** DATA SEGMENT follows **

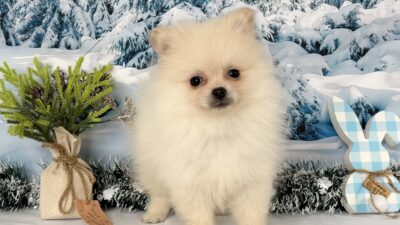 ポメラニアン02（男の子）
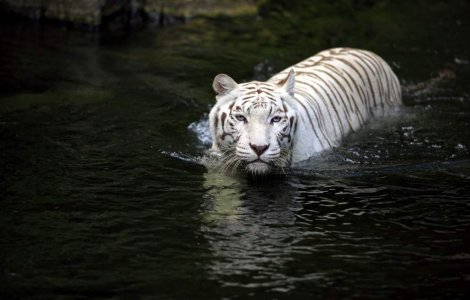  Video  Internetul ameninta speciile rare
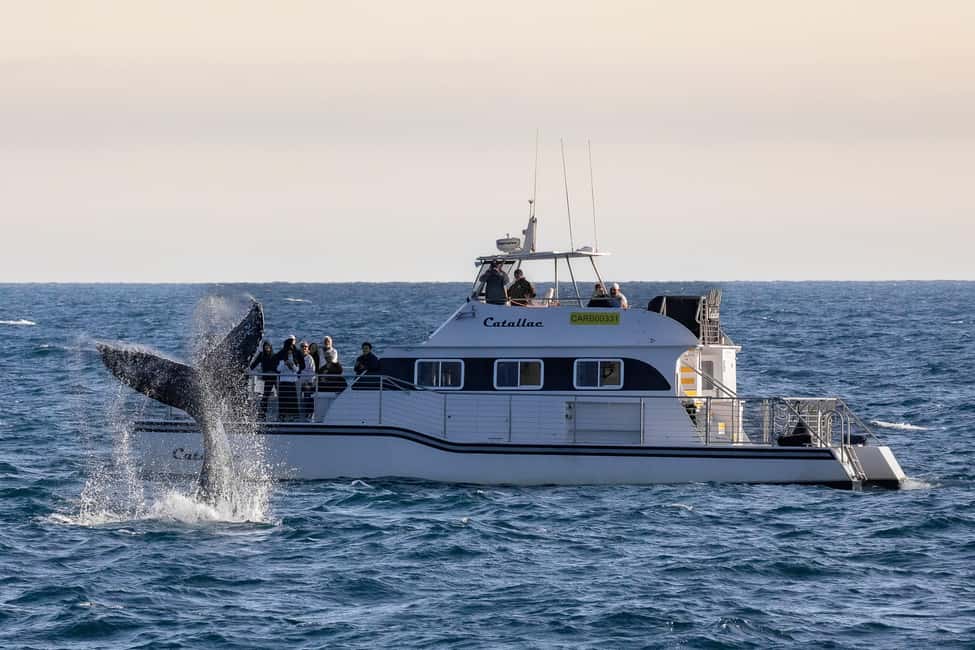 imagen n.º 1 de Newport Beach: crucero en catamarán de avistamiento de ballenas de lujo actividad en Laguna Beach, subida por el proveedor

** End of DATA SEGMENT **

In the answer, the data should reappear exactly, with no pictures.

**COMPLETED EXERCISE:**
 ポメラニアン02（男の子）
  Video  Internetul ameninta speciile rare
 imagen n.º 1 de Newport Beach: crucero en catamarán de avistamiento de ballenas de lujo actividad en Laguna Beach, subida por el proveedor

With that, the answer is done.